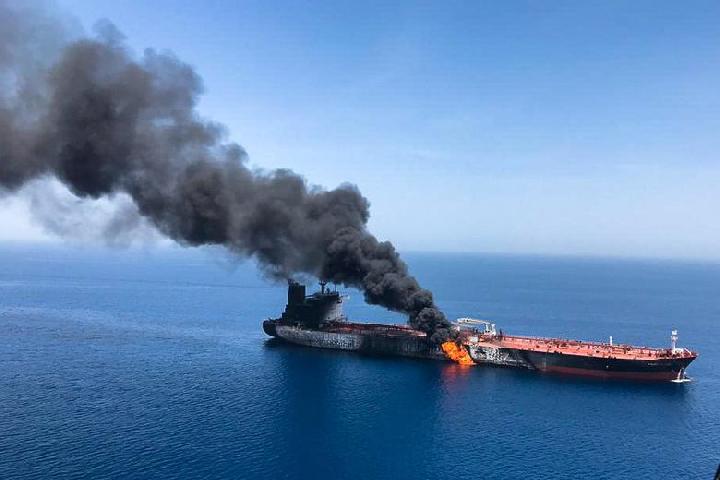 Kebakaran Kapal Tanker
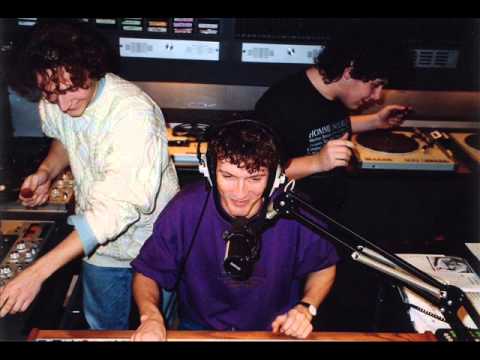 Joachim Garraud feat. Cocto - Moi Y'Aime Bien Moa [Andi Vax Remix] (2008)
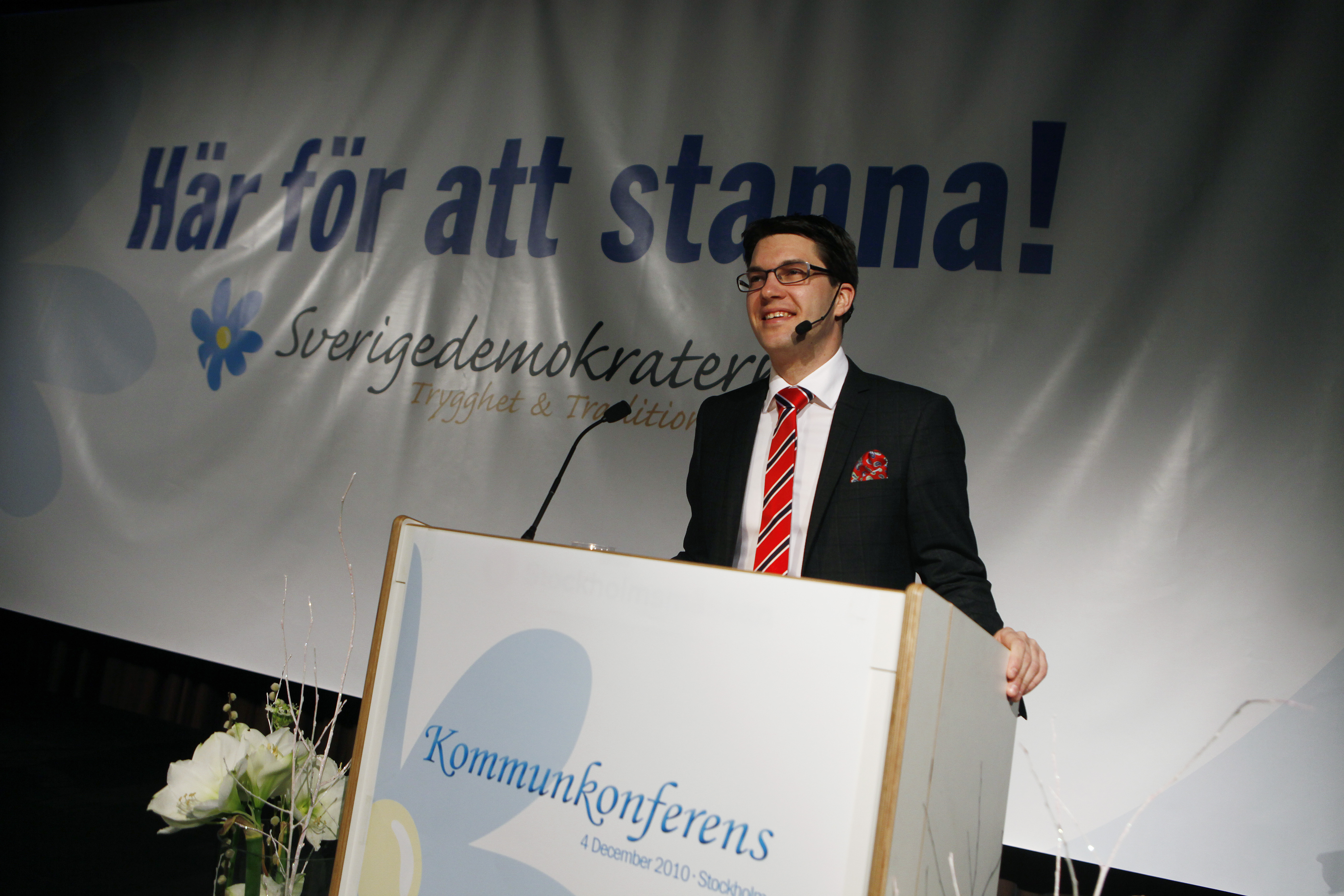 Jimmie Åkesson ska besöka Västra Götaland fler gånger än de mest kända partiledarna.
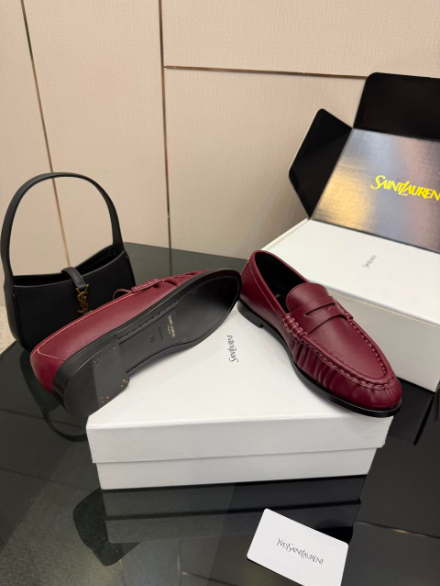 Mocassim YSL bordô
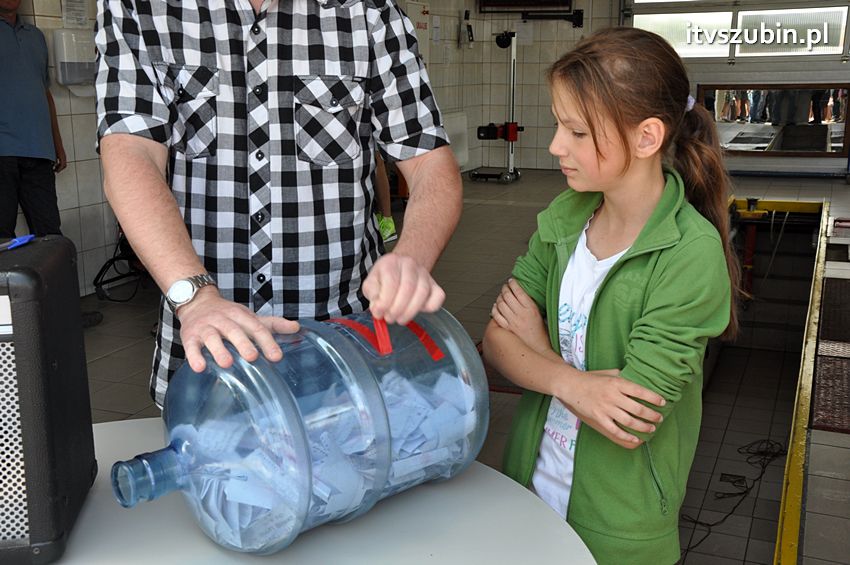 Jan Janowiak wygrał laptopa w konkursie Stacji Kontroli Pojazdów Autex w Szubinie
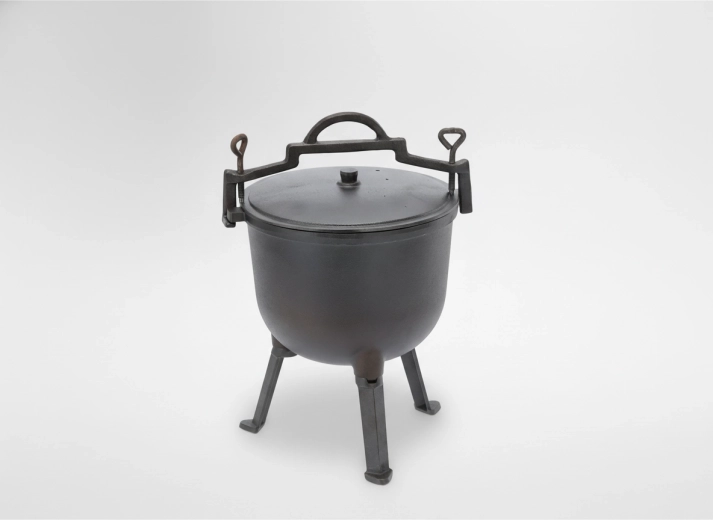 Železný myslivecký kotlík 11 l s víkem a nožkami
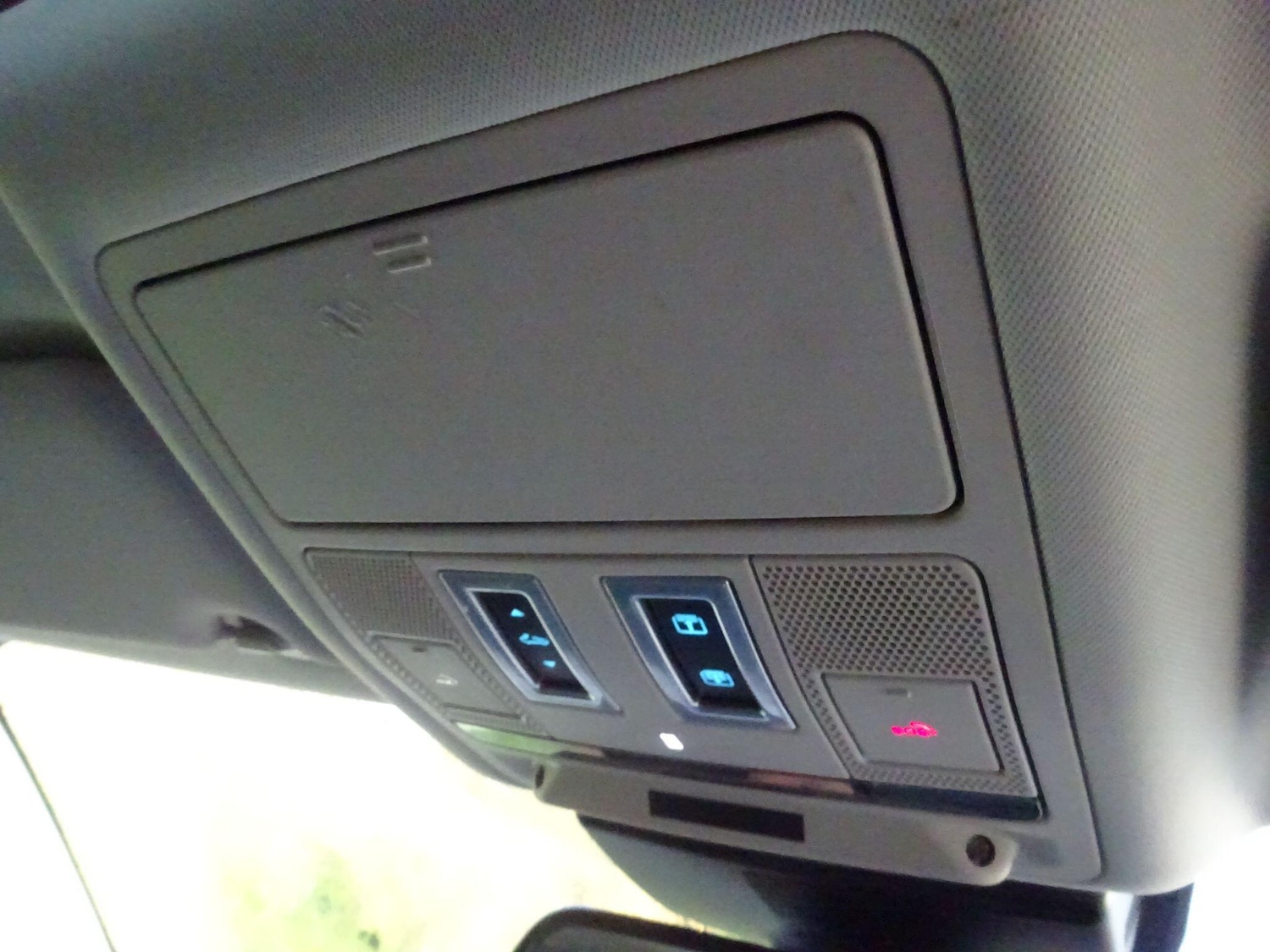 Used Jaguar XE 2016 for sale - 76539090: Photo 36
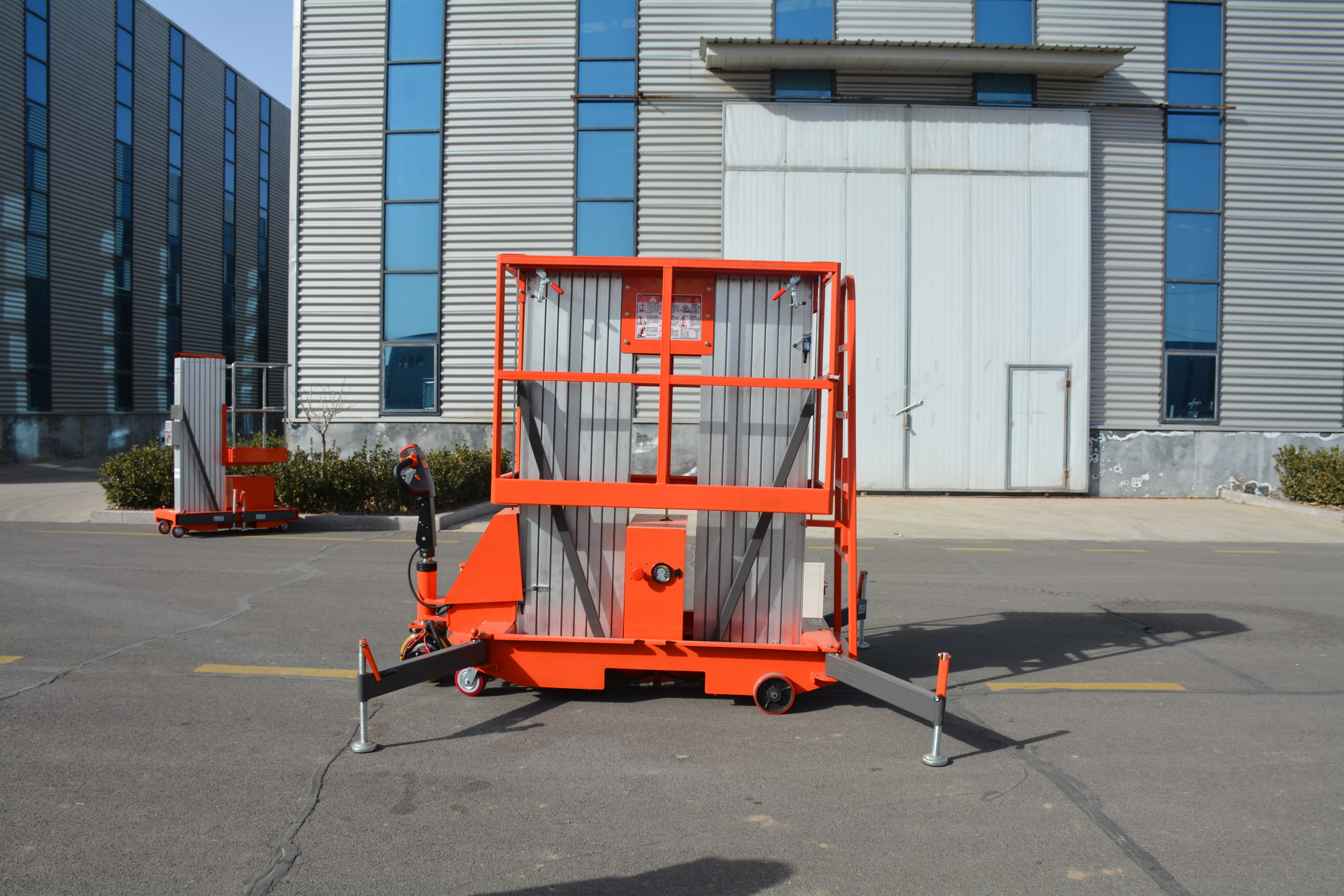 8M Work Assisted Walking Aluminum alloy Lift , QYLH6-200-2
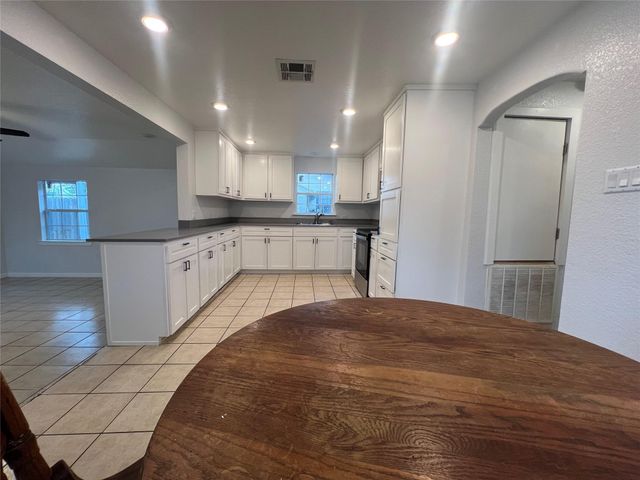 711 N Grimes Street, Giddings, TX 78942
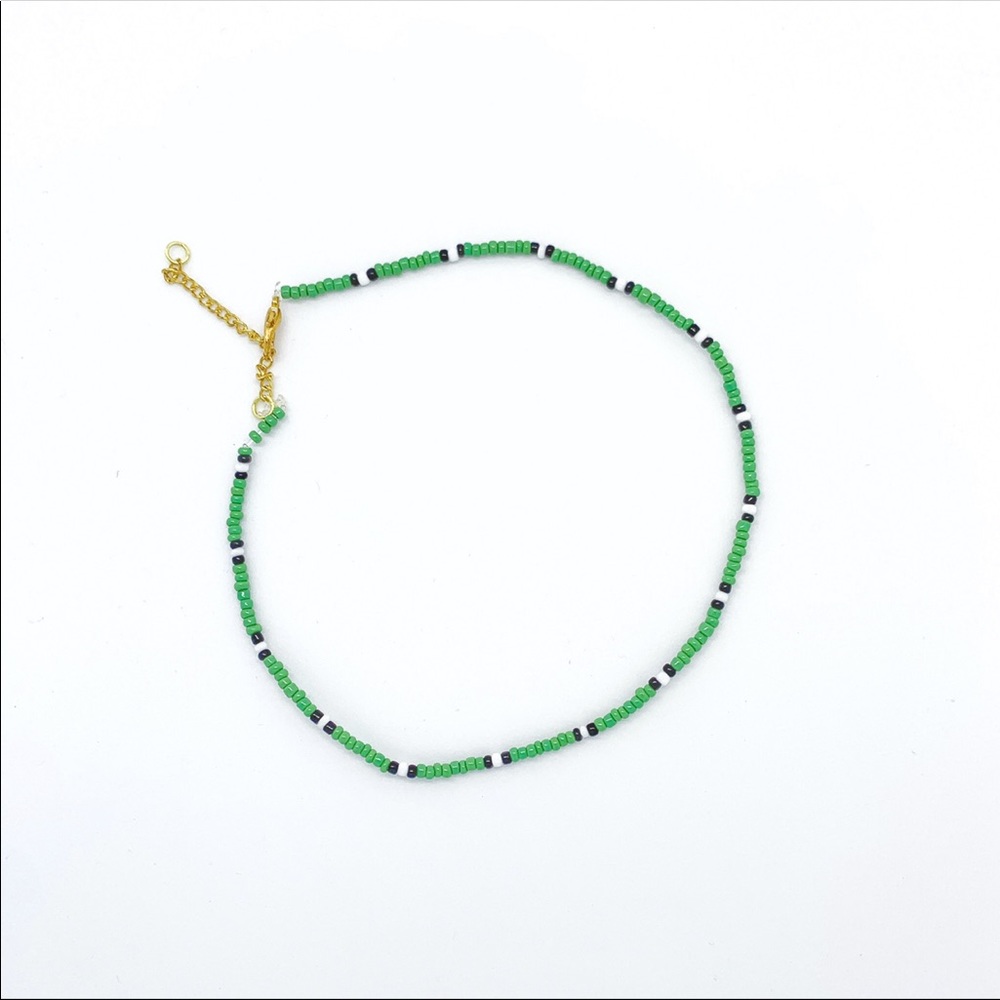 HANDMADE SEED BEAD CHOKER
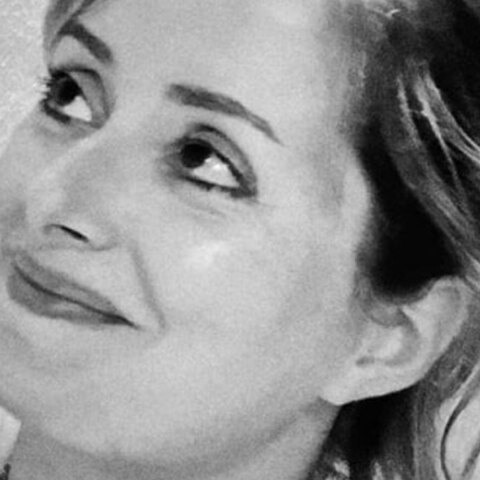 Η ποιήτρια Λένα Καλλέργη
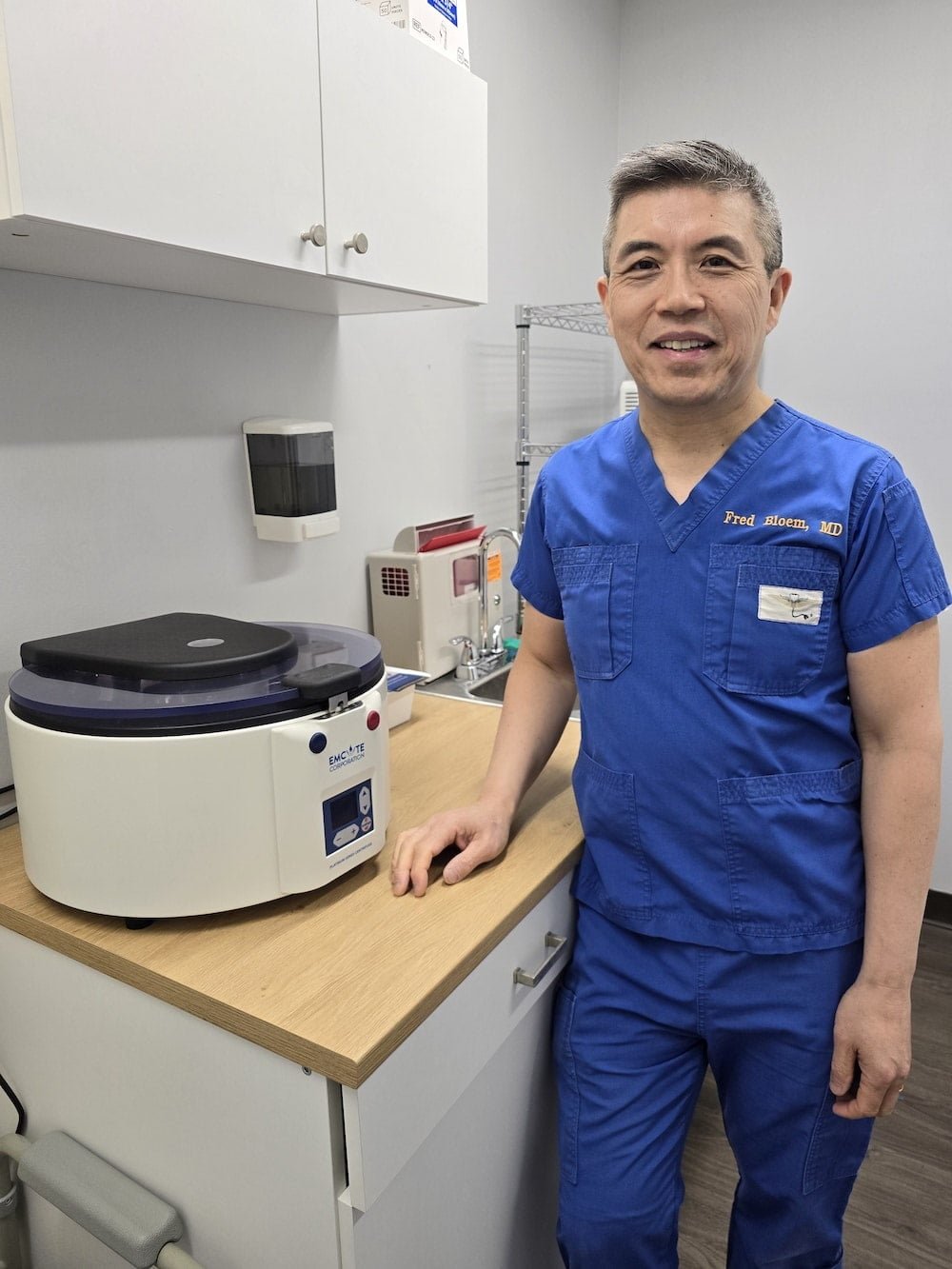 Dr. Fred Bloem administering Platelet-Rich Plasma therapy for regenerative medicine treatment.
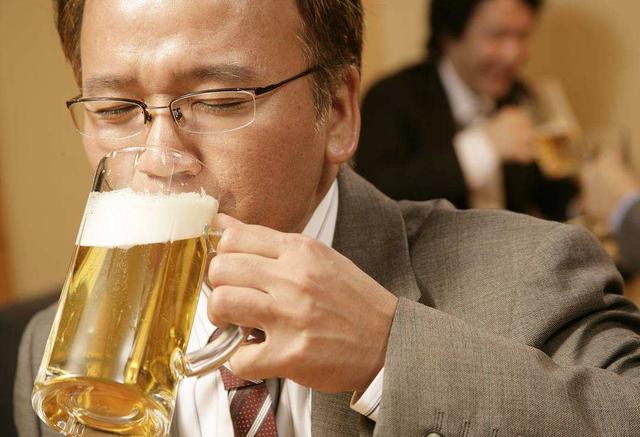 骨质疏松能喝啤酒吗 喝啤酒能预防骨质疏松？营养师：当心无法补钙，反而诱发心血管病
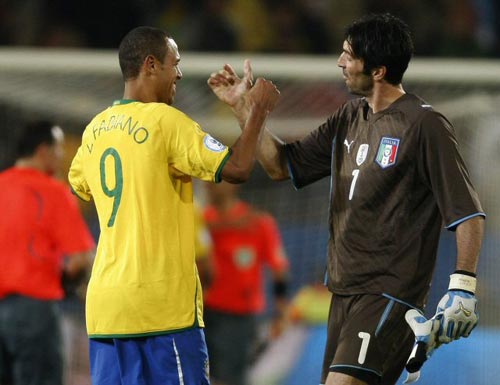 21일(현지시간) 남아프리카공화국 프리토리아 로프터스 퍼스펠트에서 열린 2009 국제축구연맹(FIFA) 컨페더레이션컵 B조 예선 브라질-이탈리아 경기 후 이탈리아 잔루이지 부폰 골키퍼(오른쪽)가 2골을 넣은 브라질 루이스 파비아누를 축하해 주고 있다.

* Problem description
Verbatim copy without images: write the records above out in full.

* Answer section
 Kebakaran Kapal Tanker
 Joachim Garraud feat. Cocto - Moi Y'Aime Bien Moa [Andi Vax Remix] (2008)
 Jimmie Åkesson ska besöka Västra Götaland fler gånger än de mest kända partiledarna.
 Mocassim YSL bordô
 Jan Janowiak wygrał laptopa w konkursie Stacji Kontroli Pojazdów Autex w Szubinie
 Železný myslivecký kotlík 11 l s víkem a nožkami
 Used Jaguar XE 2016 for sale - 76539090: Photo 36
 8M Work Assisted Walking Aluminum alloy Lift , QYLH6-200-2
 711 N Grimes Street, Giddings, TX 78942
 HANDMADE SEED BEAD CHOKER
 Η ποιήτρια Λένα Καλλέργη
 Dr. Fred Bloem administering Platelet-Rich Plasma therapy for regenerative medicine treatment.
 骨质疏松能喝啤酒吗 喝啤酒能预防骨质疏松？营养师：当心无法补钙，反而诱发心血管病
 21일(현지시간) 남아프리카공화국 프리토리아 로프터스 퍼스펠트에서 열린 2009 국제축구연맹(FIFA) 컨페더레이션컵 B조 예선 브라질-이탈리아 경기 후 이탈리아 잔루이지 부폰 골키퍼(오른쪽)가 2골을 넣은 브라질 루이스 파비아누를 축하해 주고 있다.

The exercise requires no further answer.